Въ одномъ мѣстѣ со мной, въ Петербургѣ, куда я первоначально поступилъ на службу и гдѣ насъ находилось человѣкъ пятьдесятъ, былъ юнкеръ; мать его, вдова небогатаго военнаго чиновника, имѣла свой домикъ, получала небольшой пенсіонъ и этимъ жила. Въ единственномъ своемъ сынѣ, она, какъ говорится, души не чаяла. Кромѣ того, что сынъ ея каждый праздникъ отлучался къ ней, и сама она часто заѣзжала его навѣщать. Всѣ мы знали эту почтенную и ласковую даму. Часто привозила она сыну лакомства, которыми онъ дѣлился съ нами. Независимо отъ этого, всѣ мы его любили за его добрый нравъ. Учился онъ хорошо и по экзамену былъ назначенъ къ производству. Матери хотѣлось оставить его на службѣ въ Петербургѣ, о чемъ она и просила; но ей сказали, что сынъ ея очень молодъ, къ тому же небольшаго роста, это бросится въ глаза начальству и потому можетъ повлести замѣчаніе. Особенно боялись тогдашняго строгаго военнаго министра, графа Аракчеева, обращавшаго вниманіе на наше заведеніе. Такимъ образомъ сынъ ея поступилъ въ дѣйствующую бригаду и въ Бородинскомъ дѣлѣ, въ ту минуту, когда онъ наводилъ орудіе, ему сорвало ядромъ черепъ. Когда я узналъ объ этомъ, то подумалъ, какъ часто судьба или предъопредѣленіе странно, несправедливо распоряжается людьми. У моихъ родителей, кромѣ меня, еще было три сына; лишись они меня, имъ было бы чѣмъ утѣшиться, а тутъ мать лишается единственнаго утѣшенія!… И какое множество подобныхъ жертвъ было въ этотъ кровавый день.
Чрезвычайно тяжелое впечатлѣніе произвела на меня стоявшая недалеко отъ насъ лошадь; это была статная и доброѣзжая кобыла, находившаяся въ ротѣ около десяти лѣтъ; ей оторвало ядромъ нижнюю челюсть; съ нее сняли хомутъ и пустили на волю. Она шла за ротой, останавливалась съ лошадьми и стояла, повѣсивъ голову. Мнѣ очень было жаль смотрѣть на страдалицу, зная, что единственнымъ исходомъ ея страданій была голодная смерть. Дѣйствительно, лошадь эта нѣсколько переходовъ шла за ротой и, какъ слышалъ я послѣ, отстала только около Москвы.
Отдохнувши, собрались мы ѣхать дальше.

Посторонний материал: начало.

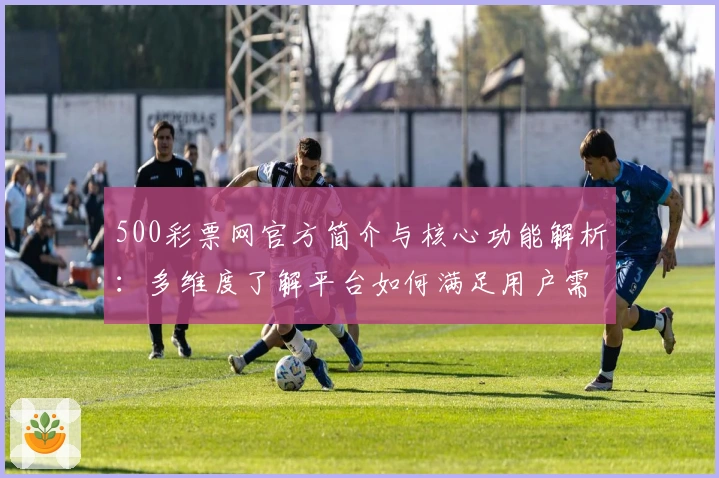 500彩票网官方简介与核心功能解析：多维度了解平台如何满足用户需求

Сдѣлалась у меня лихорадка и жаръ; нога до того разболѣлась, что я едва доѣхалъ до привала, а тутъ уже не зналъ, какъ и ѣхать. Нога сильно распухла и особенно болѣла въ изгибѣ колѣна. Если, бывало, дорогой встряхнетъ гдѣ-нибудь повозку, то ногу какъ будто ножами рѣзало. Меня сажали такъ, чтобы туловище мое и правая нога были на повозкѣ, а больную, лѣвую ногу суконными покромками привязывали къ боку повозки, такъ что она только покачивалась и мнѣ было легче. У поручика болѣла раны на спинѣ; онѣ хотя были и довольно большія, но не глубоки,—удары палашей пришлись какъ-то вдоль; у него тоже ломило проколотую руку. Когда онъ пріѣхалъ на другой годъ къ намъ въ роту, то у него два пальца на рукѣ оказались сведенными до самой ладони и это ему было тѣмъ досаднѣе, что онъ хорошо игралъ на гитарѣ. Впрочемъ, несмотря на свои раны, поручикъ могъ свободно ходить и ѣздить.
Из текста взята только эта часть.